CBN UBO Rule Targets Ownership Disclosure in Fintech

Nigeria’s CBN now wants fintechs, PSPs, and banks to disclose ultimate beneficial owners. The rule aims to tighten AML controls in payments.

Policy & Regulation
TL;DR Tara's profile

Written by TL;DR Tara

Published June 29, 2026•Updated June 29, 2026

In Short

  • The Central Bank of Nigeria (CBN) has issued a new directive on ownership transparency across banks and payment firms.
  • Regulated fintechs must identify and disclose their ultimate beneficial owners, meaning the real people who control the business.
  • The CBN says the move supports anti-money laundering and counter-terrorism financing enforcement.

What Happened

The CBN has introduced an Ultimate Beneficial Owners (UBO) disclosure requirement for Nigerian fintech solutions and other regulated financial institutions.
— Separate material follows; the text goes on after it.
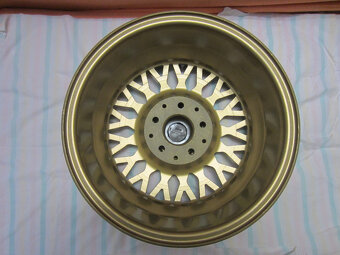 Alu disky BBS 7x15 - Mercedes - 12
A UBO is the natural person, meaning a real human, who ultimately owns or controls a company, even if the holding structure uses other companies in between. Under the directive, Deposit Money Banks, Payment Service Providers (PSPs), and digital finance institutions must verify, identify, and disclose all people who own, control, or influence the business.

The circular also points to broader payment system oversight topics, including market structure requirements and data localisation. Data localisation means certain payment data should be stored in Nigeria, instead of being hosted fully abroad.

The new UBO rule requires firms to keep a public record of this ownership information and have it ready for checks by the regulator.

Why It Matters

Nigeria’s payments and fintech sector is large and heavily funded. Industry research cited by the source estimates Nigeria had over 430 fintech companies as of February 2025, and the country has attracted a major share of Africa’s fintech equity funding in recent years.

For the CBN, UBO disclosure is a compliance tool. It helps regulators trace responsibility when there is fraud, sanctions exposure, or money laundering risk.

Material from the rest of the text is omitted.